Our data is stored on some Azure blob storage container, in a folder named dataset/. This folder follows a structure of sub-folders that we'd like to keep intact.
The Azure blob storage container has been configured in our DVC environment as a DVC 'data remote', with name myazure (more info about DVC 'data remotes' here)
High-level idea
One possibility is to start the DVC pipeline by synchronizing a local dataset/ folder with the dataset/ folder on the remote container.
This can be achieved with a command-line tool called azcopy, which is available for Windows, Linux and macOS.
As recommended here, it is a good idea to add azcopy to your account or system path, so that you can call this application from any directory on your system.
The high-level idea is:
Add an initial update_dataset stage to the DVC pipeline that checks if changes have been made in the remote dataset/ directory (i.e., file additions, modifications or removals).
If changes are detected, the update_datset stage shall use the azcopy sync [src] [dst] command to apply the changes on the Azure blob storage container (the [src]) to the local dataset/ folder (the [dst])
Add a dependency between update_dataset and the subsequent DVC pipeline stage prepare, using a 'dummy' file. This file should be added to (a) the outputs of the update_dataset stage; and (b) the dependencies of the prepare stage.
Implementation
This procedure has been tested on Windows 10.
Add a simple update_dataset stage to the DVC pipeline by running:
$ dvc stage add -n update_dataset -d remote://myazure/dataset/ -o .dataset_updated azcopy sync \"https://[account].blob.core.windows.net/[container]/dataset?[sas token]\" \"dataset/\" --delete-destination=\"true\"
Notice how we specify the 'dummy' file .dataset_updated as an output of the stage.
Edit the dvc.yaml file directly to modify the command of the update_dataset stage. After the modifications, the command shall (a) create the .dataset_updated file after the azcopy command - touch .dataset_updated - and (b) pass the current date and time to the .dataset_updated file to guarantee uniqueness between different update events - echo %date%-%time% > .dataset_updated.
stages:
update_dataset:
cmd: azcopy sync "https://[account].blob.core.windows.net/[container]/dataset?[sas token]" "dataset/" --delete-destination="true" && touch .dataset_updated && echo %date%-%time% > .dataset_updated # updated command
deps:
- remote://myazure/dataset/
outs:
- .dataset_updated
...
I recommend editing the dvc.yaml file directly to modify the command, as I wasn't able to come up with a complete dvc add stage command that took care of everything in one go.
This is due to the use of multiple commands chained by &&, special characters in the Azure connection string, and the echo expression that needs to be evaluated dynamically.
To make the prepare stage depend on the .dataset_updated file, edit the dvc.yaml file directly to add the new dependency, e.g.:
stages:
prepare:
cmd: <some command>
deps:
- .dataset_updated # add new dependency here
- ... # all other dependencies
...
Finally, you can test different scenarios on your remote side - e.g., adding, modifying or deleting files - and check what happens when you run the DVC pipeline up till the prepare stage:
$ dvc repro prepare
Notes
The solution presented above is very similar to the example given in DVC's external dependencies documentation.
Instead of the az copy command, it uses azcopy sync.
The advantage of azcopy sync is that it only applies the differences between your local and remote folders, instead of 'blindly' downloading everything from the remote side when differences are detected.
This example relies on a full connection string with an SAS token, but you can probably do without it if you configure azcopy with your credentials or fetch the appropriate values from environment variables
When defining the DVC pipeline stage, I've intentionally left out an output dependency with the local dataset/ folder - i.e. the -o dataset part - as it was causing the azcopy command to fail. I think this is because DVC automatically clears the folders specified as output dependencies when you reproduce a stage.
When defining the azcopy command, I've included the --delete-destination="true" option. This allows synchronization of deleted files, i.e. files are deleted on your local dataset folder if deleted on the Azure container.

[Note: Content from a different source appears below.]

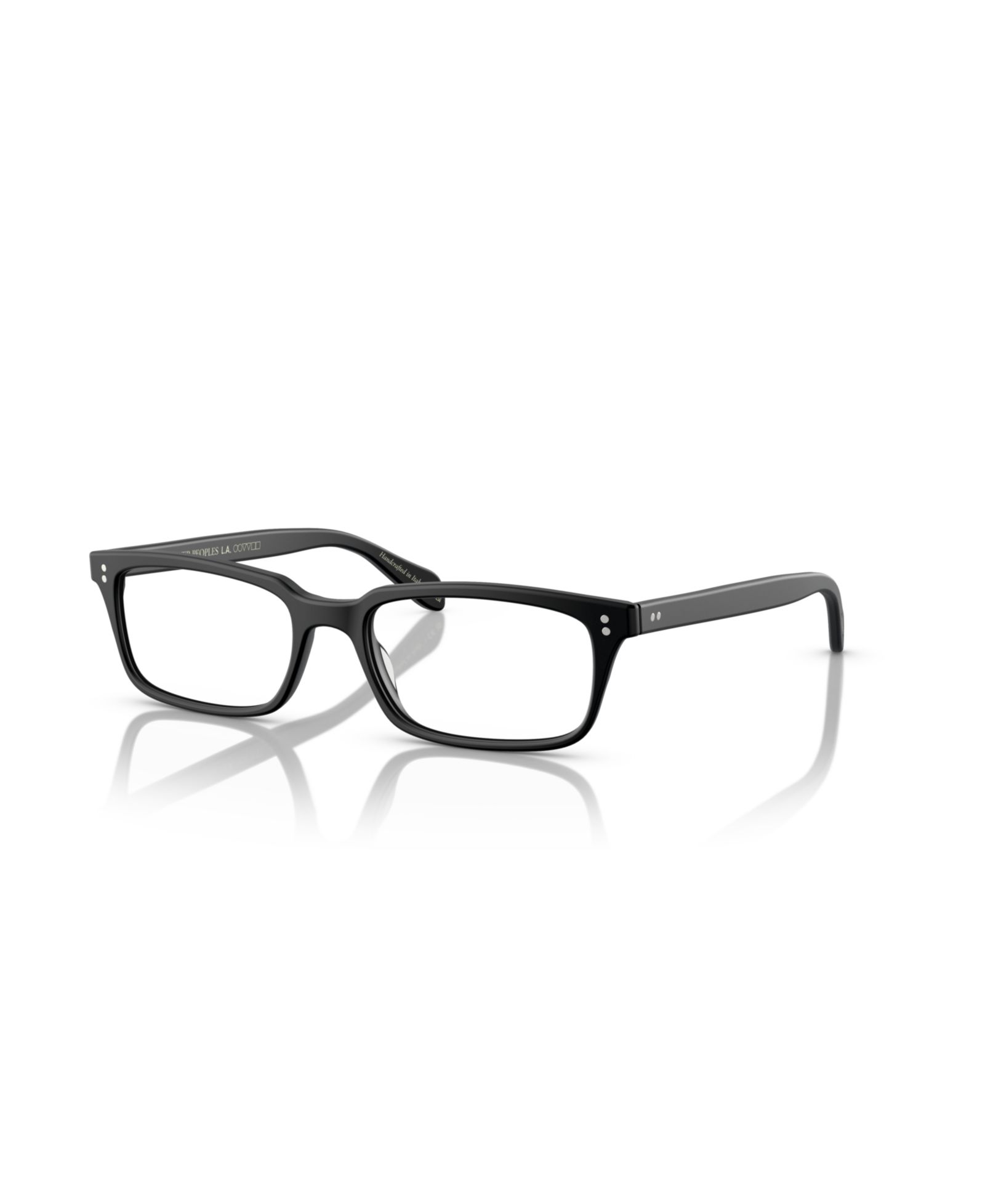Очки Oliver Peoples Man Rectangle Plastic OV5102 Denison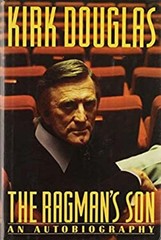 The Ragman’s Son Hardcover Kirk Douglas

Please, bear with me, since you have a lot of questions. Answer needs a bit structure and background to be useful. Or skip to the very end to find some new ways of doing Is it possible to upload them in a human-readable format? :). Anyways, please let me know if that solves your problem, and in general would be great to have a better description of what you are trying to accomplish at the end (high level description).
You are right that by default DVC structures its remote in a content-addressable way (which makes it non human-readable). There are pros and cons to this. It's easy to deduplicate data, it's easy to enforce immutability and make sure that no one can touch it directly and remove something, directory names in projects make it connected to actual project and their meaning, etc.
Some materials on this: Versioning Data and Models, my answer of on how DVC structures its data, upcoming Data Management User Guide section (WIP still).
Saying that, it's clear there are downsides to this approach, especially when it comes to managing a lot of objects in the cloud (e.g. millions of images, etc). To name a few concerns that I see a lot as a pattern:
Data has been created (and being updated) by someone else. There is some ETL, third party tool, etc. We need to keep that format.
Third party tool expect to have data in "human" readable way. It doesn't integrate with DVC to being able to access it indirectly via Git. (one of the examples - Label Studio need direct links to S3).
It's not practical to move all of data into DVC, it doesn't make sense to instantiate all the files at once as one directory. Users need slices, usually based on some annotations (metadata), etc.
So, DVC has multiple features to deal with data in its own original layout:
dvc import-url - it'll download objects, it'll cache them, and will by default push (dvc push) to remote to again save them to guarantee reproducibility (this can be changed). This command creates a special file .dvc that is being used to detect changes in the cloud to see if DVC needs to download something again. It should cover the case for "to download data automatically from azure".
dvc get-url - this more or less wget or rclone or aws s3 cp, etc with multi cloud support. It just downloads objects.
A bit advanced thing (if you DVC pipelines):
Similar to import-url but for DVC pipelines - external dependencies
The the third (new) option. It's in beta phase, it's called "cloud versioning" and essentially it tries to keep the storage human readable while still benefit from using .dvc files in Git if you need them to reference an exact version of the data.
Cloud Versioning with DVC (it's WPI when I write this, if PR is merged it means you can find it in the docs
The document summarizes well the approach:
DVC supports the use of cloud object versioning for cases where users prefer to retain their original filenames and directory hierarchy in remote storage, in exchange for losing the de-duplication and performance benefits of content-addressable storage. When cloud versioning is enabled, DVC will store files in the remote according to their original directory location and
filenames. Different versions of a file will then be stored as separate versions of the corresponding object in cloud storage.

Related

How to change or specify a DVC experiment name?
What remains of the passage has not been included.